In an attempt to ease the chronic traffic situation in the Cape Town CBD and stem the adverse effects that increased journey times are having on business operations (and the human psyche), a carpooling pilot has been launched through Accelerate Cape Town (ACT).
Together with a few of its corporate members based in the CBD, ACT has partnered with locally designed, built and maintained mobile app uGoMyWay, to remove excess cars from the roads by connecting drivers and passengers to each other to share their everyday journeys.
The need for the pilot project is underlined by the results of the latest Tom Tom Traffic Index, which shows that Cape Town has the most congested roads in South Africa. One of the reasons that puts Cape Town in pole position, is the fact that congestion levels demonstrate a 71% increase in journey time during the morning peak period when compared to free-flowing travel time. Contributing to this startling statistic is the fact that over 79% of cars entering the CBD are single occupancy vehicles.

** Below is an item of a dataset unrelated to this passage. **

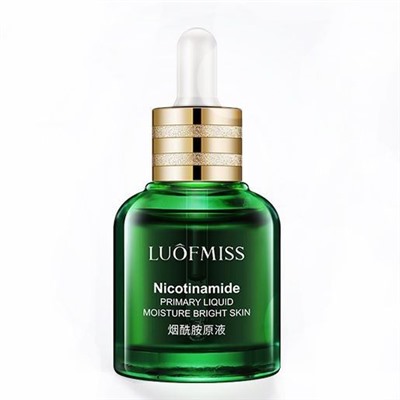 (без коробочки)Luofmiss Niacinamide Primary Liquid Moisture Bright Skin Сыворотка для лица с никотинамидом, 30 мл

Available on iOS and Android, uGoMyWay allows users to create routine journeys such as, home-to-work or home-to-school. Matches are then ranked and a chat function allows users to establish a dialogue before personal details are exchanged.

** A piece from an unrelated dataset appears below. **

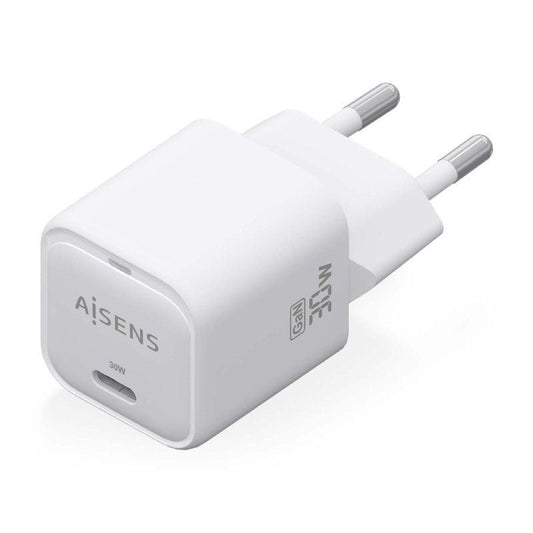Cargador de Pared GaN Aisens ASCH-30W1P018-W
1xUSB Tipo-C
30W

Once this has taken place, users decide who will drive and what the shared costs will be. As an additional safety measure, users can also request to be a part of a ring-fenced community, which includes only members of their specific workplace or school.
Although it’s still in its early stages, Chris Megan, co-founder of uGoMyWay, says the results of the pilot to date are positive and encouraging, with over 90% of users finding matches and which can then result in carpooling.
“Large scale carpooling has huge benefits if you consider that every carpooling participant takes another car off the road, resulting in less congestion,” says Megan. “Real-time rideshare technology has the greatest potential to help solve the traffic congestion on our roads.”
“We are really excited to be spearheading this pilot,” says Ryan Ravens, CEO of Accelerate Cape Town. “Behavioural change is fundamental to easing traffic congestion since we cannot build ourselves out of the situation we are facing. Increasing congestion could dampen the economic growth of our city region.
“In an effort to meet increasing demand and to keep the city moving and growing sustainably, solutions that include the use of emerging tech, such as that of uGoMyWay, must be embraced,” says Ravens.